Memory leak because of addition?

pytorcher · February 28, 2018, 6:42pm

I have a Variable(FloatTensor) in my graph that is adding another Variable(FloatTensor) to it but on every iteration of forward in the custom nn.Module it allocates memory that is never deleted. Is there some other way I should be writing this line? Or is there a way to manually delete the allocated memory for the addition? The following line seems to cause the problem:

var1[:,index1,:,:] = var1[:,index1,:,:] + var2[:,index2,:,:]

using objgaraph it I get the following names for the leaked items:

before - top 2:
tuple 3191
dict 3037

after 1000 runs, top 4:
slice 72076
Size 50036
dict 47093
tuple 28216

and categories increment every time they pass over that line. Which tracemalloc also pointed me towards.

SimonW · February 28, 2018, 6:46pm

Operations on variables track history. See http://pytorch.org/docs/master/notes/faq.html#my-model-reports-cuda-runtime-error-2-out-of-memory for some explanation.

pytorcher · February 28, 2018, 8:06pm

Thanks for the quick reply! I was not able to get any of those things to work.

“Don’t accumulate history across your training loop.”
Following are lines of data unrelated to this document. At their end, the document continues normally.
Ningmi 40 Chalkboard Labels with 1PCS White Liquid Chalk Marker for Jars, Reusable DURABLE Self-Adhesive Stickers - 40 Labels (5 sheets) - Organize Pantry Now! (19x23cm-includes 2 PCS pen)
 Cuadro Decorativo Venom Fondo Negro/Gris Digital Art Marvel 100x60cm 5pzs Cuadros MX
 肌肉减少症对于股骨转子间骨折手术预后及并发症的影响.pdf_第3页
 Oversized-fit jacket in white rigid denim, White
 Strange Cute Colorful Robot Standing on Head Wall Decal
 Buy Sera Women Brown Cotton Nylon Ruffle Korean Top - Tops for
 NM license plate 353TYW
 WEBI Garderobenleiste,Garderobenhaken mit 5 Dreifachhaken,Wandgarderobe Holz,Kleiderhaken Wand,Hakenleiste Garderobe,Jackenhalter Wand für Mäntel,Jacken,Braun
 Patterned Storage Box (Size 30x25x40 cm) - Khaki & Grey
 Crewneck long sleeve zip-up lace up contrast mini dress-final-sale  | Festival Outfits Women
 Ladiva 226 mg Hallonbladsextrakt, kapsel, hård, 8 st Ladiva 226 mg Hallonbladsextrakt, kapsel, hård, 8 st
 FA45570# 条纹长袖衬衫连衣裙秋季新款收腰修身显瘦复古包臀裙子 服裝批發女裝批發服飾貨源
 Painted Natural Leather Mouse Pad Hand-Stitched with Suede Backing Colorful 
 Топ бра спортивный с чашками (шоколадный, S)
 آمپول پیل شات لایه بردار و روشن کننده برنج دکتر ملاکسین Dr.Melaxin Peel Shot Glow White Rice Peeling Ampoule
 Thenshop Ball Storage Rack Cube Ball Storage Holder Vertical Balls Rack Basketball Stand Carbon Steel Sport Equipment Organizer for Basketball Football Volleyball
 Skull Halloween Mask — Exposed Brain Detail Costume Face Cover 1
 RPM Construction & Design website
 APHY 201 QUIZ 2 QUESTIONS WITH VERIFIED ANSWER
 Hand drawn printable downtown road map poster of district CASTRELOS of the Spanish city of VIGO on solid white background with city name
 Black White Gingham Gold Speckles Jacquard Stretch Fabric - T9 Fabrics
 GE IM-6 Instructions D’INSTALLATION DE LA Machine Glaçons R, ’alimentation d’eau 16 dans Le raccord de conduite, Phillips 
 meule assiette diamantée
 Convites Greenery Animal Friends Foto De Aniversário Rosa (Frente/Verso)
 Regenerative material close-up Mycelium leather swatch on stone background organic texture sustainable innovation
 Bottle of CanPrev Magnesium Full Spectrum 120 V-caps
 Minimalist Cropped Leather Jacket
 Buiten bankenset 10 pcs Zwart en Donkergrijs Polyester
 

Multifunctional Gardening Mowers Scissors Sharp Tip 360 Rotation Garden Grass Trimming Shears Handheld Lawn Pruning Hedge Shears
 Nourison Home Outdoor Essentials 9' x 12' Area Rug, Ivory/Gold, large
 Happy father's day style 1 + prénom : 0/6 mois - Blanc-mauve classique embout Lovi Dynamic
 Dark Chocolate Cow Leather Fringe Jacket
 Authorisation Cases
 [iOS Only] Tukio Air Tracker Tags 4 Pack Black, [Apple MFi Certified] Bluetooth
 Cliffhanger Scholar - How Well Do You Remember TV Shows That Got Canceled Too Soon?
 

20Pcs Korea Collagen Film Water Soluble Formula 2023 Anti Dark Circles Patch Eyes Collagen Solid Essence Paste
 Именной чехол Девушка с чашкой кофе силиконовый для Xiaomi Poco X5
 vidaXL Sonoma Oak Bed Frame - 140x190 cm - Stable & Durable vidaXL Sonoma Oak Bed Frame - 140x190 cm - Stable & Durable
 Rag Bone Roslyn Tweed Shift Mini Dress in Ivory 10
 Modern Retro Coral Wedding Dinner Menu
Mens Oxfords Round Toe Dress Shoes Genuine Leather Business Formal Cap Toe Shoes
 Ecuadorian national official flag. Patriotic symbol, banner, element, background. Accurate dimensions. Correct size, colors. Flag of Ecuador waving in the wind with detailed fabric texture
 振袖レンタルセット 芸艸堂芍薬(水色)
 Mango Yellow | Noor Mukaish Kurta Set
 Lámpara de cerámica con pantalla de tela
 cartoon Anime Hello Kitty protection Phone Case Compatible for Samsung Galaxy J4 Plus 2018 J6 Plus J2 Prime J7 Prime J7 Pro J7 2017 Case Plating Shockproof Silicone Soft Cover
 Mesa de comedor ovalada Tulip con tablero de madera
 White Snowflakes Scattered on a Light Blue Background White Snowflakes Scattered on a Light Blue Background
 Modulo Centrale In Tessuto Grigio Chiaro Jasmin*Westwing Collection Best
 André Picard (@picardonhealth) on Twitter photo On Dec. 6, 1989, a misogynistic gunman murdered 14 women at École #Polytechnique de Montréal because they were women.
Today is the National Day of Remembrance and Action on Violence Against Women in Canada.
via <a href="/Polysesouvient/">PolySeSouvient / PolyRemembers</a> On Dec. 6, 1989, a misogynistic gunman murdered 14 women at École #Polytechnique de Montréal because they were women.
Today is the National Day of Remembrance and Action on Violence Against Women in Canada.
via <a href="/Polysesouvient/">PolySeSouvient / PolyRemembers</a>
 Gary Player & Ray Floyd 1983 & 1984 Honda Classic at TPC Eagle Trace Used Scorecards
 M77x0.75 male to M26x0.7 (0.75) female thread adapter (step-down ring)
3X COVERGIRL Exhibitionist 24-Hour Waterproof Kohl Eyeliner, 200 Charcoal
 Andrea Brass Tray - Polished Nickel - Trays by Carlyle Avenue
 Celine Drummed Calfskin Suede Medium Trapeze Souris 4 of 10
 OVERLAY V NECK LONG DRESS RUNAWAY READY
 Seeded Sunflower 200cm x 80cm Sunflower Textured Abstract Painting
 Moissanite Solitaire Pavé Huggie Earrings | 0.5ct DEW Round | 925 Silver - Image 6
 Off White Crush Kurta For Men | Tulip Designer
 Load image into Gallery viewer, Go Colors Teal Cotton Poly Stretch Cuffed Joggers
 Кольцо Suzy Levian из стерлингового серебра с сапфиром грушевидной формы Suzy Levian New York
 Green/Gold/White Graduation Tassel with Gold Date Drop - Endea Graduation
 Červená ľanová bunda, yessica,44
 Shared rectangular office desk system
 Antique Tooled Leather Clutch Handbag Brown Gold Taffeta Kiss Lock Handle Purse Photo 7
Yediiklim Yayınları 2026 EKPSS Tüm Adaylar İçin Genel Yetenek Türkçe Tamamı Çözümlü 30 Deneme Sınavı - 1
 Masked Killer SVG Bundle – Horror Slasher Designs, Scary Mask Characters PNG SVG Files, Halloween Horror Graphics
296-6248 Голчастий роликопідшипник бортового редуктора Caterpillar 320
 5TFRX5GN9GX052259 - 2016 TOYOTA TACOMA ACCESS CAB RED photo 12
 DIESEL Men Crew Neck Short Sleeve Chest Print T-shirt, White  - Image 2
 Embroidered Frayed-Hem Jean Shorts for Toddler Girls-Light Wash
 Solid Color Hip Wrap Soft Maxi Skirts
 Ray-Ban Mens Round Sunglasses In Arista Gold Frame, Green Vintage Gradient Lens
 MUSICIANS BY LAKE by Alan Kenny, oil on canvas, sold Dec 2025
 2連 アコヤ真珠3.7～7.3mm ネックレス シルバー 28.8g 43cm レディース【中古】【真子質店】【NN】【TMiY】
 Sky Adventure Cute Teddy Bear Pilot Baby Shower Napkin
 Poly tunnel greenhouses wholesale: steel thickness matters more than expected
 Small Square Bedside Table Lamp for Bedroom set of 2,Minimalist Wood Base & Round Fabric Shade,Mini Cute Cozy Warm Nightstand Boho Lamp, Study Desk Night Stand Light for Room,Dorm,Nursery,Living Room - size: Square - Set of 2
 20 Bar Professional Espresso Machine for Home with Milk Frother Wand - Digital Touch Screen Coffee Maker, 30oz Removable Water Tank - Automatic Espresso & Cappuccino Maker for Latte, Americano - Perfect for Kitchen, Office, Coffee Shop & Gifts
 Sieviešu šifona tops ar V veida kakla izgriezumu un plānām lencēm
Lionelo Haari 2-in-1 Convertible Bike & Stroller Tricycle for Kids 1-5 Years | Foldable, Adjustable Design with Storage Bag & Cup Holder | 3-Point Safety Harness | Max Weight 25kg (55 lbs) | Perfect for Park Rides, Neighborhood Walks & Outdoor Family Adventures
This is not data accumulation. These are both Variables that need to have a gradient calculated. Calling .data on anything in the loop gives me problems with Tensor/Variable math, warnings because of returning a Tensor instead of a Variable in forward(), or warning that backward() has nothing to compute a variable for.

“Don’t hold onto tensors and variables you don’t need.”

If this is the problem I’m not sure where I’m supposed to delete. var1 is what gets returned at the end of forward so I assume that gets cleaned up elsewhere? Deleting var2 after its used does not make a difference in memory loss.

pytorcher · February 28, 2018, 9:59pm

Got it! Somewhere up the chain var2 is getting calculated in a different module where the numbers are member variables, i.e. self.inputToVar2. I’m guessing that is making them not get deleted at the end of the cycle. Switching all of those inputs, which do not need to be variables, to just tensors seems to have solved it!

Thanks for the link, that was very helpful!